_Task statement_.
Repeat all of the data below word for word, keeping no images.

_Exercise data_.
┄┄┄┄┄┄┄┄┄┄┄┄┄┄┄┄┄┄┄┄
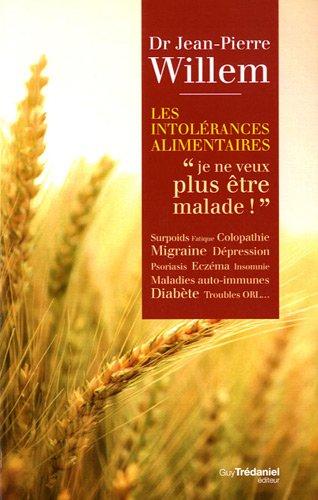 Les intolérances alimentaires : je ne veux plus être malade !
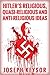Hitler’s Religious, Quasi-R...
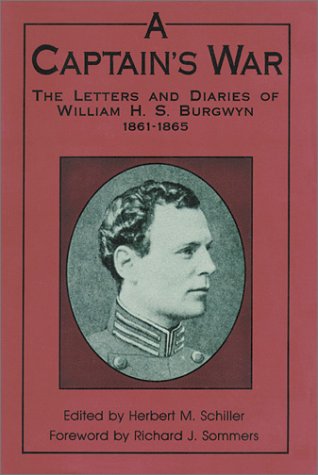 Beispielbild fr A Captain's War: The Letters and Diaries of William H.S. Burgwyn 1861-1865 zum Verkauf von BookDepart
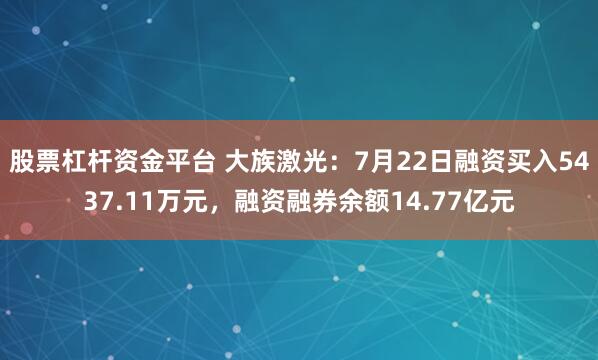 股票杠杆资金平台 大族激光：7月22日融资买入5437.11万元，融资融券余额14.77亿元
┄┄┄┄┄┄┄┄┄┄┄┄┄┄┄┄┄┄┄┄
_Written reply_.
 Les intolérances alimentaires : je ne veux plus être malade !
Hitler’s Religious, Quasi-R...
 Beispielbild fr A Captain's War: The Letters and Diaries of William H.S. Burgwyn 1861-1865 zum Verkauf von BookDepart
 股票杠杆资金平台 大族激光：7月22日融资买入5437.11万元，融资融券余额14.77亿元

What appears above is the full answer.